Return to the Sessions Manager and invoke the following command to verify if that script executed on your EC2 instance.
`cat /var/log/user-data.log`
It worked on my machine ;)

### Updating the User Data Script from CDK
We are getting closer to the grand finale.
Go to the [ec2_stack.py](./ec2/ec2_stack.py) and update the User Data Script on line 19.
Change from:
`echo 'User data script executed' > /var/log/user-data.log`
to something like this:
`echo 'User data script executed - MODIFIED' > /var/log/user-data.log`
Deploy the cdk stack to test the changes.
`cdk deploy`
Closely following the CDK's output, we can spot that our EC2 Instance was updated:

Once deployment is complete, go to the EC2 Dashboard to review the changes.

Our instance is running status checks. It looks like everything worked as expected!
The existing connection has been terminated, confirming that "something has happened with our EC2".

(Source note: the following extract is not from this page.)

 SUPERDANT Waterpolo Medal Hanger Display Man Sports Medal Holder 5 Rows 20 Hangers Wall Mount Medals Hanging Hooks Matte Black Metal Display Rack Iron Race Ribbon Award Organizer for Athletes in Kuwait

Use the Sessions Manager to connect to your "new" instance and invoke the same command as before.
`cat /var/log/user-data.log`
It looks like we are still getting the output BEFORE our changes. Let's dig deeper and check the User Data Script on our instance. To do so, invoke the following command (change the `i-076117475405642bc` to the ID of your EC2 instance; you can find it on the EC2 Dashboard):
`cat /var/lib/cloud/instances/i-076117475405642bc/scripts/part-001`

There is an updated script, so why has it not been executed?
As I noted above, the User Data Script executes only once during the initial launch of the EC2 Instance. CDK deployment updated the configuration of our EC2 but **has not** recreated it. As a result, the *magical script* has not worked.
## Solving the puzzle
We must use drastic measures to solve the puzzle and invoke the updated User Data Script. Destroy and re-create the AWS infrastructure by invoking the following:
`cdk destroy`

and then:
`cdk deploy`
**WARNING**: Please keep in mind that destroying your **production environment** to force the execution of an updated User Data Script might impact your customers and have other severe consequences!
When we navigate back to the EC2 Dashboard, we can find two instances:

The `Terminated` one was removed by `cdk destroy`, and the subsequent `cdk deploy` created the `Running` one.
Use the Sessions Manager to connect to the `Running` instance and invoke:
`cat /var/log/user-data.log`
You should see the output of the updated script.

## Conclusion
In this article, we:
* Used AWS CDK in Python to manage the AWS infrastructure.
* Utilized the User Data Script to pre-configure an EC2 Instance.
* Analyzed how CDK handles changes in EC2's configuration.
* Solved the puzzle of the User Data Script not executing.
I do hope that was interesting for you and saved you hours in debugging User Data Script issues in the future.
Please share your feedback with me!
All the best,
Lukasz Malinowski
IoT Advisor and Trainer
PS. Remember to destroy the testing setup to avoid AWS costs.
`cdk destroy`